There is a code fragment that GCC produce the result I didn't expect:
(I am using gcc version 4.6.1 Ubuntu/Linaro 4.6.1-9ubuntu3 for target i686-linux-gnu)
[test.c]
#include <stdio.h>
int *ptr;
int f(void)
{
(*ptr)++;
return 1;
}
int main()
{
int a = 1, b = 2;
ptr = &b;
a = b++ + f() + f() ? b : a;
printf ("b = %d\n", b);
return a;
}
In my understanding, there is a sequence point at function call. The post-increment should be taken place before f().
see C99 5.1.2.3: "... called sequence points, all side effects of previous evaluations shall be complete and no side effects of subsequent evaluations shall have taken place."
For this test case, perhaps the order of evaluation is unspecified, but the final result should be the same.

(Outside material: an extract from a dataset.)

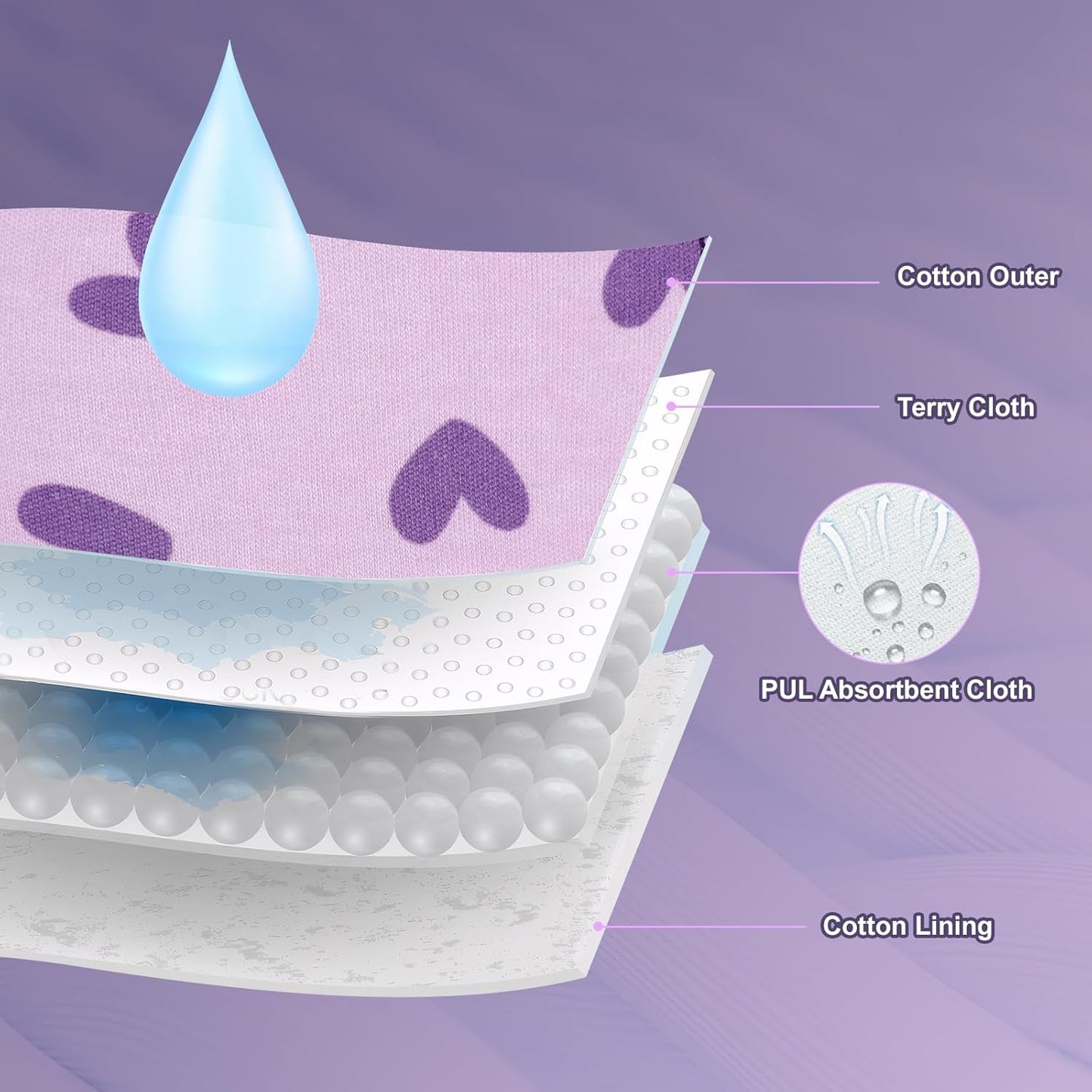 MooMoo Baby Potty Training Underwear Absorbent Toddler Training Pants for Boys and Girls 10 Packs Cotton Pee Pants 2T-9T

So I expect b's final result is 5. However, after compiling this case with 'gcc test.c -std=c99', the output shows b = 3.
Then I use "gcc test.c -std=c99 -S" to see what happened:
movl $1, 28(%esp)
movl $2, 24(%esp)
leal 24(%esp), %eax
movl %eax, ptr
movl 24(%esp), %ebx
call f
leal (%ebx,%eax), %esi
call f
addl %esi, %eax
testl %eax, %eax
setne %al
leal 1(%ebx), %edx
movl %edx, 24(%esp)
testb %al, %al
je .L3
movl 24(%esp), %eax
jmp .L4
.L3:
movl 28(%esp), %eax
.L4:
movl %eax, 28(%esp)
It seems that GCC uses evaluated value before f() and perform '++' operation after two f() calls.
I also use llvm-clang to compile this case, and the result shows b = 5, which is what I expect.
Is my understanding incorrect on post-increment and sequence point behavior ?? Or this is a known issue of GCC461 ??